Welcome Aboard!
Lots of questions and thoughts, sounds like your batteries might have been discharged to a point that the inverter did a system shutdown.
What do you have for batteries? Just the simple group 24 dual purpose battery that came with the TT?
What size inverter are you using? What were you powering off the inverter?
I agree, most likely you just drained the batteries to a point that the inverter shut down. A good multimeter is your friend. While learning your rig, it is well worth noting what you have been using and how long to discharge the battery. This will give you an idea how long you can run things before you need to recharge. Or helps you determine how big of a battery bank you need.
Battery maintenance is important. If you have the cheap battery that came with the camper, they require a little maintenance. Basically check the fluid levels once in a while, and top them off as needed. ONLY use DISTILLED water, nothing else, or you will dramatically shorten the battery life.
Don't know what battery you have. What every the amp hour listed on the lead cell battery, you can draw about 50% of that out of the battery, before it is considered discharged. So if your battery is listed at 64 amps, you can use about 30 amps. So lets say all of your led lamps in your TT pull, say 1.5 amps, and you leave the lights on. Your battery will be discharged in 20 hours (30/1.5=20hrs). I would not be surprised your inverter was pulling 15 amps. So 30/15=2 hours, which seems about right.
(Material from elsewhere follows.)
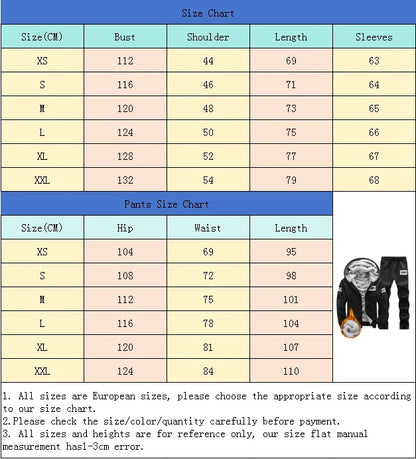 Men's winter thickened  jacket with hood for outdoor sports Suit leisure running fitness warmth two-piece set.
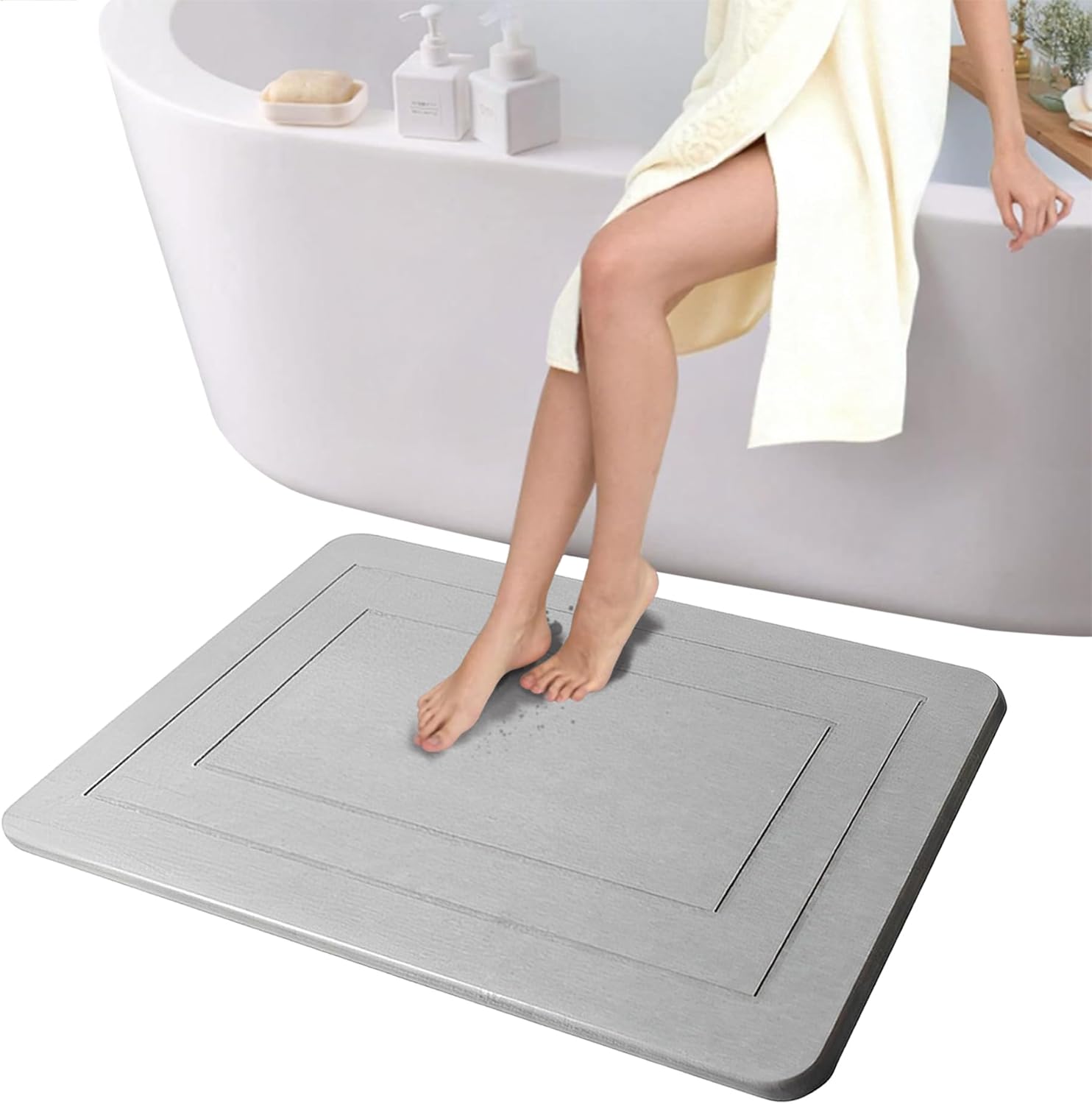 cosbur Tapete de baño de tierra de diatomeas, tapete de baño de piedra para baño, tapete antideslizante de secado rápido para encimera de cocina,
I do not follow RogerR's rule of don't discharge below 12.5 volts. I try never to drop below 12.1 volts. I have many times, been below 12 volts. With good maintenance and care, you can get 8+ years out of a cheap battery. I hit 8.5 years with my old set of batteries in my current TT. Last boat battery made it about 4 years. It was not treated as well.
Inverters waste a lot of power, converting from 12VDC to 120VAC. So having an inverter sized correctly for the load is wise.
Being everything worked with the generator, does not surprise me. A completely dead battery will take many hours to recharge. For me, with my 100+ amp hr battery, it takes about 2 hours to charge back up from 12.2 volts to 12.7 volts when on shore power or generator.